It's my first programming project, and it motivates to know my friend needs it
too.

------
jeiben
My wife and I created a game as a save the date for our wedding, with 8-bit
avatars of ourselves that guests could play to "save the date". A number of
guests played it multiple times in an attempt to be on the high scores board -
we even gave out prizes to the top three scores!

We got a lot of feedback that other people would want to be able to have a
similar game, so we rebuilt a customizable version where people can create
their own avatars, dialogue, and other game aspects.
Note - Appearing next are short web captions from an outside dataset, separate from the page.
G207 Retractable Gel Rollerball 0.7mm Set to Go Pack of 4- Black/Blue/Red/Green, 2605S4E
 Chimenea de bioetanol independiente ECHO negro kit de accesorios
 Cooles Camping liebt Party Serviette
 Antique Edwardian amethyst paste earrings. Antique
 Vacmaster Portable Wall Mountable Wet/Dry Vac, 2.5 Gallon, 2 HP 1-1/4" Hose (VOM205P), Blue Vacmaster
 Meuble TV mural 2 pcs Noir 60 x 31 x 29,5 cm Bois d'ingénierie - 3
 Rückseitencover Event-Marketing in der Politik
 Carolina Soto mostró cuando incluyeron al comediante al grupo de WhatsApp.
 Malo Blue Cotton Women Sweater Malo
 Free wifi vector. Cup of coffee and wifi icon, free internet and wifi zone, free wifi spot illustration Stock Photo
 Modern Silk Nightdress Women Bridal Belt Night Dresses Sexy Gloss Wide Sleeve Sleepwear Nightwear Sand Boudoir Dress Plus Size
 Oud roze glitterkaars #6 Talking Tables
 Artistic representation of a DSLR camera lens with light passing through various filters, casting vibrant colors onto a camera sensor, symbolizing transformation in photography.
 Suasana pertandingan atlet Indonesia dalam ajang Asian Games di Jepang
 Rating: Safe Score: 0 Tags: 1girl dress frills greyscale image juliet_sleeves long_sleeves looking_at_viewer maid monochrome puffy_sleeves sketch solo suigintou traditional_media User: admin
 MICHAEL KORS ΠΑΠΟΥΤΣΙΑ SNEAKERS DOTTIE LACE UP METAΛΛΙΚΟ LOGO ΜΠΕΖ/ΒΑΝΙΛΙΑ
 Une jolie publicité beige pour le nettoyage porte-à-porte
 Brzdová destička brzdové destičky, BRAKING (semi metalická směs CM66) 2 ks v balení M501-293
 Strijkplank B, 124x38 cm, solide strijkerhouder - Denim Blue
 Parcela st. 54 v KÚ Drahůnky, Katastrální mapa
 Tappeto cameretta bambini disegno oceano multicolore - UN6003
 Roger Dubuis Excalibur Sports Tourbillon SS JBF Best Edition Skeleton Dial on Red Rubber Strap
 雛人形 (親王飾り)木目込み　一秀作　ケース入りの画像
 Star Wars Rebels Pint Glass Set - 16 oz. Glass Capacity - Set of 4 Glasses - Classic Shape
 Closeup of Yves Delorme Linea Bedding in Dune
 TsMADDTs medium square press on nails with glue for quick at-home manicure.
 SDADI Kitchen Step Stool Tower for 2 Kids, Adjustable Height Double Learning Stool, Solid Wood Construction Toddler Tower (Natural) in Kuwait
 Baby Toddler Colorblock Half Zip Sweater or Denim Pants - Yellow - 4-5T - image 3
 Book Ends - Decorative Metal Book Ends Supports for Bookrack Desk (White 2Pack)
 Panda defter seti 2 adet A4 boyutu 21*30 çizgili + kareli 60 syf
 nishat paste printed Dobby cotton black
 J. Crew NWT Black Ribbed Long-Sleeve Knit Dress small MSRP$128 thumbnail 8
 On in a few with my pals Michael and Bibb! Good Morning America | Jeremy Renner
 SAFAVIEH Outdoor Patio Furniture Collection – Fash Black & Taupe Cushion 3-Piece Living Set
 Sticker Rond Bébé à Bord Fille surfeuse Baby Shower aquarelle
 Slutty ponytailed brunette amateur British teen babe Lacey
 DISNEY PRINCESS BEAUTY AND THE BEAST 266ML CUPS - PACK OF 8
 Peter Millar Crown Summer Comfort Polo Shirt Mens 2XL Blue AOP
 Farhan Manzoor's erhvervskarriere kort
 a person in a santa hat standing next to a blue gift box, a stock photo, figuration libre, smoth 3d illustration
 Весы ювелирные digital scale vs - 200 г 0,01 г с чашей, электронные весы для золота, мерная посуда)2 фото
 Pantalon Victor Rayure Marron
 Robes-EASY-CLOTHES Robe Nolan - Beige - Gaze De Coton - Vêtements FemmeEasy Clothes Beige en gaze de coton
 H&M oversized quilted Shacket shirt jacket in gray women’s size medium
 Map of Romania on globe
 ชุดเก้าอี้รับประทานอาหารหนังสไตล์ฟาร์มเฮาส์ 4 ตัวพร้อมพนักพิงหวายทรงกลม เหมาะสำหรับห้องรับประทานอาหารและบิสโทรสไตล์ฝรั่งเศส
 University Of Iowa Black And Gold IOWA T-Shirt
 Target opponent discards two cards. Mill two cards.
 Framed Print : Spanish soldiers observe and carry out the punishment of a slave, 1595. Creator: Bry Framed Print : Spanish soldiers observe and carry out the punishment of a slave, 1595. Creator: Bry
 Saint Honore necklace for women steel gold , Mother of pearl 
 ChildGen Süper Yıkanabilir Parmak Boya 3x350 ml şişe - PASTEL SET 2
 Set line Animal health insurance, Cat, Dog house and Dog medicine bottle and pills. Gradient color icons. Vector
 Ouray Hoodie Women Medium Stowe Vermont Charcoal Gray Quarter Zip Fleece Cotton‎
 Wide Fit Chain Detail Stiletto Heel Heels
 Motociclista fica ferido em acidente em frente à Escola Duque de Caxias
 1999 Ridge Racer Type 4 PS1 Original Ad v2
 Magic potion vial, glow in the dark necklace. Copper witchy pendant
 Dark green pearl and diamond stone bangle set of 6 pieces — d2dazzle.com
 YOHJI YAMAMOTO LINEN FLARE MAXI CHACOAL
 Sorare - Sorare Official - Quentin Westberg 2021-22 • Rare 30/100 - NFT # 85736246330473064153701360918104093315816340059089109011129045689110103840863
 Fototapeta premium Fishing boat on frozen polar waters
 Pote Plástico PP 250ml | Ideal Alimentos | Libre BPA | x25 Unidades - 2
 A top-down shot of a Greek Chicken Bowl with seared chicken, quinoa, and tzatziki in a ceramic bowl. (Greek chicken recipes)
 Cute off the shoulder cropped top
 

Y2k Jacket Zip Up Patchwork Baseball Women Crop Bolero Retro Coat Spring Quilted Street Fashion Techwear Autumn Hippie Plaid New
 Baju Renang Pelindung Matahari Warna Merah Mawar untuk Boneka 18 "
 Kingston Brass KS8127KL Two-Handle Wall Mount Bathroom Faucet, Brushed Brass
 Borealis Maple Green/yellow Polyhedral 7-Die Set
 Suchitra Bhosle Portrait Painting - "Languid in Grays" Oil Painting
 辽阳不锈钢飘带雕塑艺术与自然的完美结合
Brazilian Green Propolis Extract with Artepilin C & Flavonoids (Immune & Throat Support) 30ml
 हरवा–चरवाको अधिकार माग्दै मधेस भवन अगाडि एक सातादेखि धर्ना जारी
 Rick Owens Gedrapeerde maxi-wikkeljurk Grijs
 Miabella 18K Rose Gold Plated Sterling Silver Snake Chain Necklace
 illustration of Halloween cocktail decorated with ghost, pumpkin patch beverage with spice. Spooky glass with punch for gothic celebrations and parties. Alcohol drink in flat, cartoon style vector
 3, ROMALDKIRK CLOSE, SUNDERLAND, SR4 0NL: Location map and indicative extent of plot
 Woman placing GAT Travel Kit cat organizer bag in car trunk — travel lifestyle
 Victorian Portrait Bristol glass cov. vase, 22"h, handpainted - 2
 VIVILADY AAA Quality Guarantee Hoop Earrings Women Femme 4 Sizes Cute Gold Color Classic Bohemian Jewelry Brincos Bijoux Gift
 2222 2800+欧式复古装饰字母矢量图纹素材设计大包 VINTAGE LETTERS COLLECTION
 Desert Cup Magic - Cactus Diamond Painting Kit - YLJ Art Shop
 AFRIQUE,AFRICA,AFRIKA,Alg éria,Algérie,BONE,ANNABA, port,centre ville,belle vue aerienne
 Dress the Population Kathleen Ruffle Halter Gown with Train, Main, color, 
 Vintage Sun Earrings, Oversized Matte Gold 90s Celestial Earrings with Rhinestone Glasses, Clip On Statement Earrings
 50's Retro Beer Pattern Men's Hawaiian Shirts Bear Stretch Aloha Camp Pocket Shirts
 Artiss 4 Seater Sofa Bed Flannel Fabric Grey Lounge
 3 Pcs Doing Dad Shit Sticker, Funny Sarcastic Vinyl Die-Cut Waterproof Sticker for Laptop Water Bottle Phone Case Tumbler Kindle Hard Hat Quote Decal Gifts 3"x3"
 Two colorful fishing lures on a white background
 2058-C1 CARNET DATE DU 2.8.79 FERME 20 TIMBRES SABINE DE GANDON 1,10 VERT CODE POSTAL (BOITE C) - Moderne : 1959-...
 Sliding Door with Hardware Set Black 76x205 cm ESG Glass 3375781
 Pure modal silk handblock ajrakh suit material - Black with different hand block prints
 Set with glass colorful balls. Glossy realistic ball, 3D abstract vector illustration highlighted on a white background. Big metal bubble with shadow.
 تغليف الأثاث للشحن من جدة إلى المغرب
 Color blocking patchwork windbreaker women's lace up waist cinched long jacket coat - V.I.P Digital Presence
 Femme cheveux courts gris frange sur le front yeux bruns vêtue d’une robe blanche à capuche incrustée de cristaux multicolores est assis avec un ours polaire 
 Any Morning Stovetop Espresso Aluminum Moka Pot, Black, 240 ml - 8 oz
Obviously this is a rough
year for save the dates, but we're still pretty pleased with how it has turned
out so far.

[https://www.pleasesavethedate.com](https://www.pleasesavethedate.com)

------
patrickdavey
My partner works in education and was trying to launch a new programme, IT
were super slow and refusing to update a banner on a page (Moodle site).

I quickly tested that JavaScript would be executed on the parts of the page
she could control, so, I just used a simple script to replace the banner.

Somewhat unfortunately, my test to see if scripts were executed was to make an
alert popup with "[name] is damn sexy" and a colleague of hers happened to be
refreshing the page at the same time ;) (this was at 8pm when most people were
home)

It was totally fine, banner was replaced, colleague laughed and I relearned
the lesson to test things out in non visible ways (and with safe language).

------
noir_lord
In college (uk meaning not US), smart attractive girl on the course, she could
just not get her head around the programming part at all so I taught her
enough to pass (and in truth more than half the code in her final project was
mine but typed by her) and in spending time together we realised we where
attracted to each other.

We dated for a while, was a lot of fun.

We could either pick the set project or any other project that would
demonstrate what they didn't specify was the language (assuming people would
use the one taught in class) so I did a VT100 emulator in Object Pascal and
she did the set assignment in the taught language (sadly VB6).

------
fbi-director
As a 14 year old, learning to code and having written some small programs, I
got word that the woman (27) I thought I was in love with, was getting
married. It was just a crush but at that hormone filled age, my mind was a
mess (almost as bad as it is now! )

It's common to play games and have other activities at wedding parties here.
So I spent about a week developing Get The Picture software, to be used at the
wedding.

Man I was so nervous it would crash or something, but it all went fine.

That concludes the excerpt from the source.